Data block: Begin
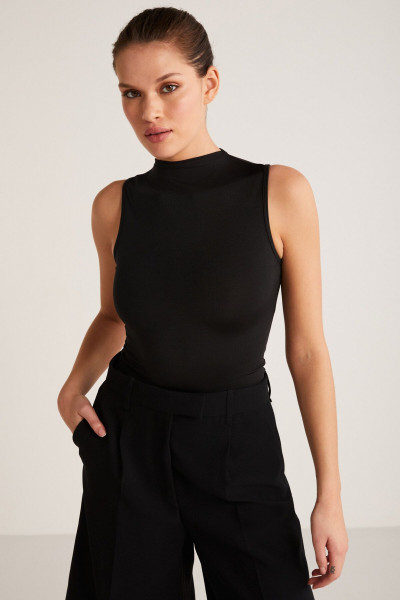 Monday Kadın Basic Kolsuz Bisiklet Yaka Crop Siyah Bluz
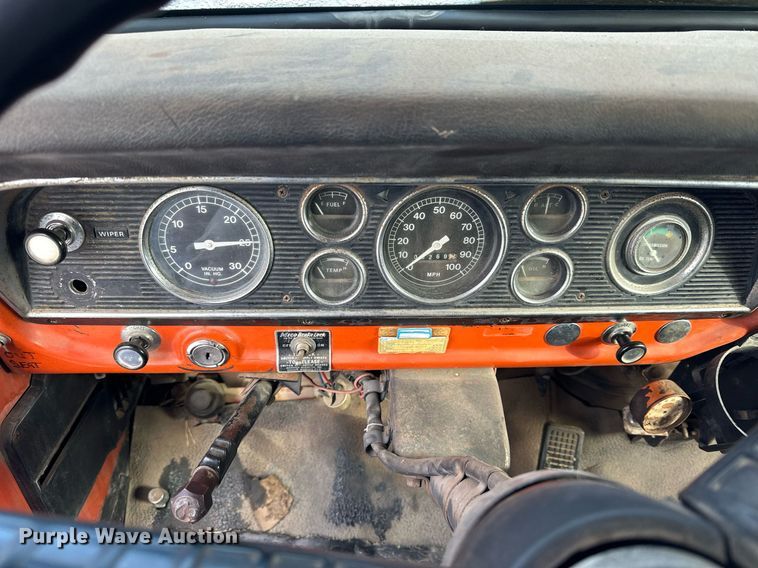 image for item NS9070 1973 Ford F600  dump truck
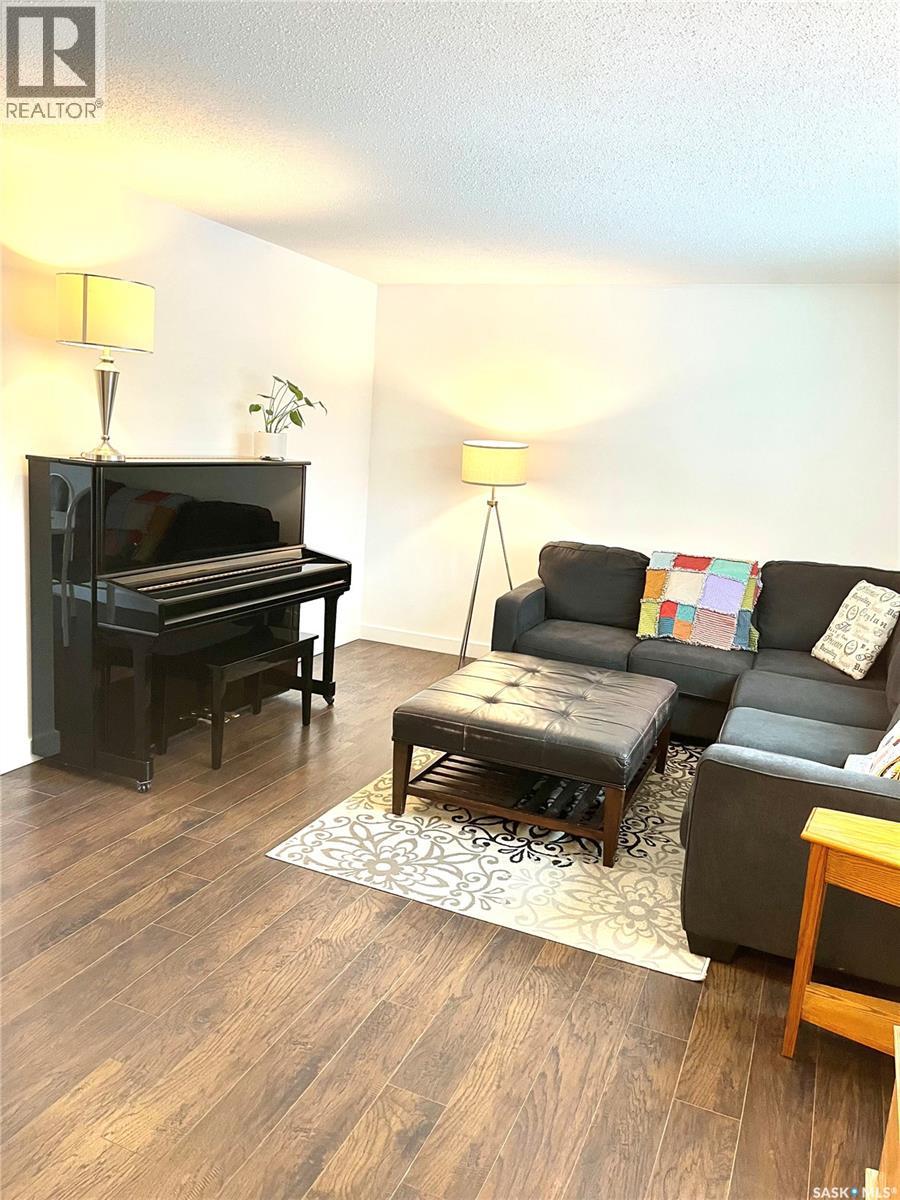 44 Mccusker Avenue, Regina, Saskatchewan  S4R 4L6 - Photo 16 - SK028388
Data block: End
- About this task -
All of the data should come back exactly as written, but without pictures.

- Task result -
 Monday Kadın Basic Kolsuz Bisiklet Yaka Crop Siyah Bluz
 image for item NS9070 1973 Ford F600  dump truck
 44 Mccusker Avenue, Regina, Saskatchewan  S4R 4L6 - Photo 16 - SK028388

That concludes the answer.